• **Exercise aim**
Please transcribe exactly the lines from the line holding "Donald Trump vota na Flórida (Saul Loeb/AFP)" through the end of the data below, and skip any pictures.

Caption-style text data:
+++++

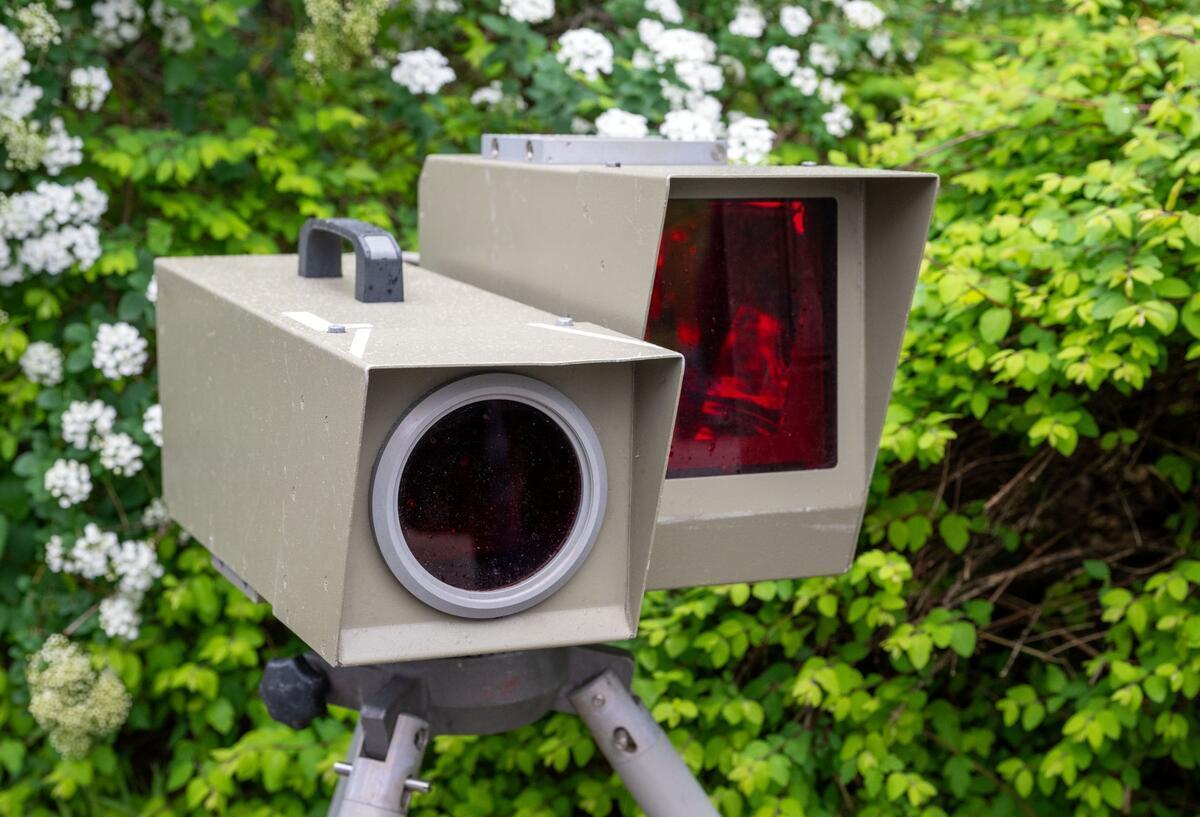 Ein Messgerät zur Geschwindigkeitskontrolle steht an einer Hecke (Symbolbild).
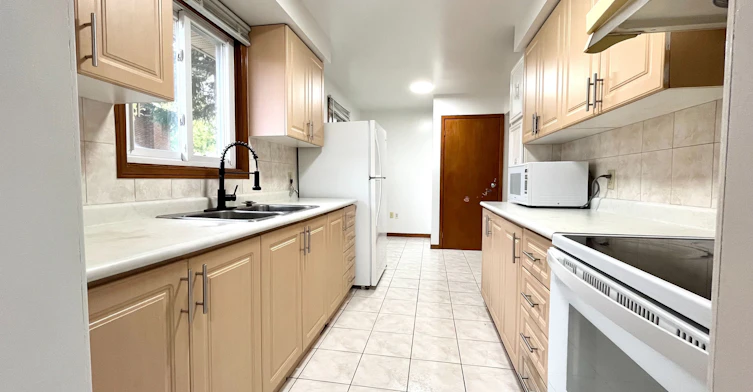 44 Lady Churchill Court, Toronto, ON, M1V 2J6 - 6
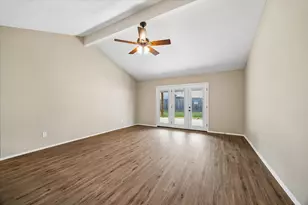 9807 Sparrow St, La Porte, TX 77571 - Photo 12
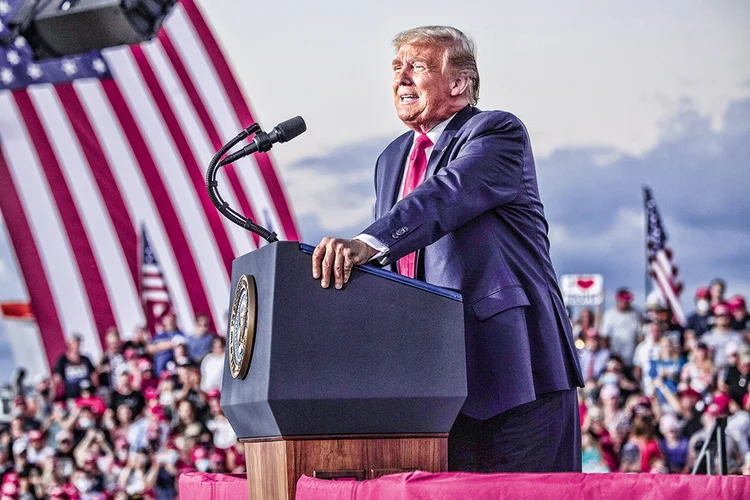 Donald Trump vota na Flórida (Saul Loeb/AFP)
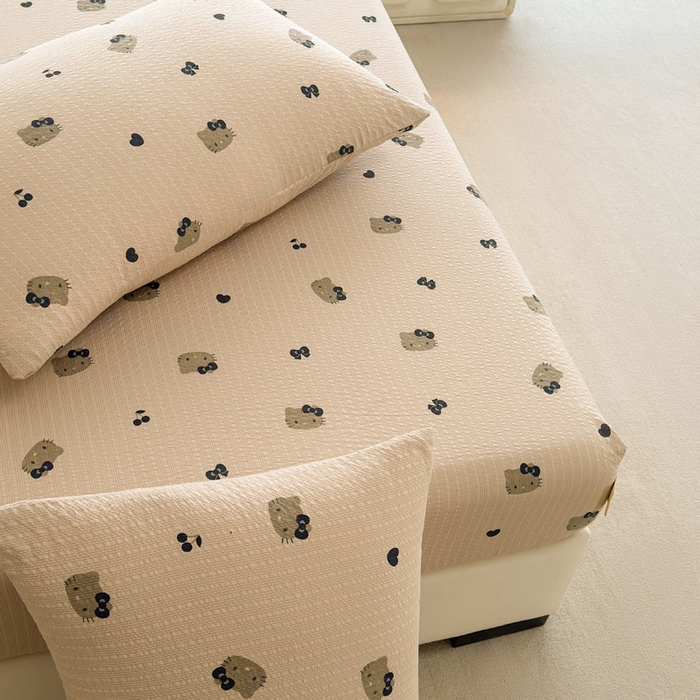 91家纺网 家纺一手货源 找家纺 贝扬思家纺 2026新款高克重泡芙纱印花款单床笠床笠单件-浅糯 CL浅糯-咖啡小猫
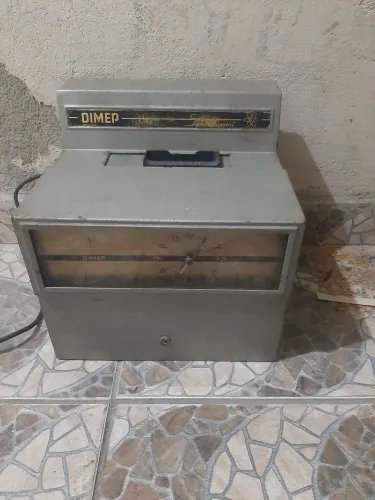 Vendo relógio de ponto antigo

+++++

• **Completed exercise**
 Donald Trump vota na Flórida (Saul Loeb/AFP)
 91家纺网 家纺一手货源 找家纺 贝扬思家纺 2026新款高克重泡芙纱印花款单床笠床笠单件-浅糯 CL浅糯-咖啡小猫
 Vendo relógio de ponto antigo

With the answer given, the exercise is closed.